Act Smart and Agile: Enterprise planning has seen fundamental transformation with digitization. Rolling out an ERP within an organization now goes beyond the considerations of infrastructure, applications, data, and management of the partner ecosystem. The system has to align with agile development models, and needs to be scalable and adaptable to variously sized enterprises. Monetization of the system is another key factor that needs to be borne in mind. Design thinking, decision science, artificial intelligence, a start-up mindset and fast-paced agile operating models are some of the trends that have to be factored in.

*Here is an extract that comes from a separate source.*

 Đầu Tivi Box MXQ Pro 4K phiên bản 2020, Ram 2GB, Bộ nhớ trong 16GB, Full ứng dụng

Ride the Digital Wave: Most enterprises have well-established IT strategies, leadership and governance. But to create a real business impact in the marketplace, leadership should display a sustained and clear focus on unlocking new digital opportunities and prepare the core of IT services for the purpose.

CIO As an Entrepreneur: The role of the CIO has changed fundamentally as technology is now mainly about innovation. Instead of serving an organization’s IT needs and upgrading them to newer versions within allocated budgets, a CIO now needs to demonstrate how technology will impact business and how soon the returns on investment in monetary terms can be realized. Data and advanced analytics, mobility, the Internet of Things (IoT) and cloud computing have to be leveraged to the maximum to create new services, products, business processes and revenue opportunities.

Faster ROI: Businesses do not have the luxury of heavy technology investments. Behemoth-sized deals are passé; technology Heads need to plan small, fast-paced and incremental implementations that show demonstrable value for money. Cloud and pay-as-you-use models are shifting the preference from asset-intensive capital expenditure centric approach to utility-based operating expenditure.

Time to market: To make good on time-to-market, plan minimum viable products that can be deployed and tested simultaneously, as well as get validated in the market. It accelerates learning, reduces the number of wasted engineering hours, and gets the product to customers as soon as possible.

While there is a lot for ERP leaders to figure out, it is ironical that the euphoria and rabid excitement about the disruptive potential of emerging technologies far outstrips the knowledge of how to use them. Some visualize the current trends as opening unimaginable opportunities. But those who believe in structured and incremental value creation are gripped by panic. There are skeptics, however, who wonder as to what this fuss is all about. Enterprises have a responsibility to answer this and other queries for their own and everyone else’s benefit.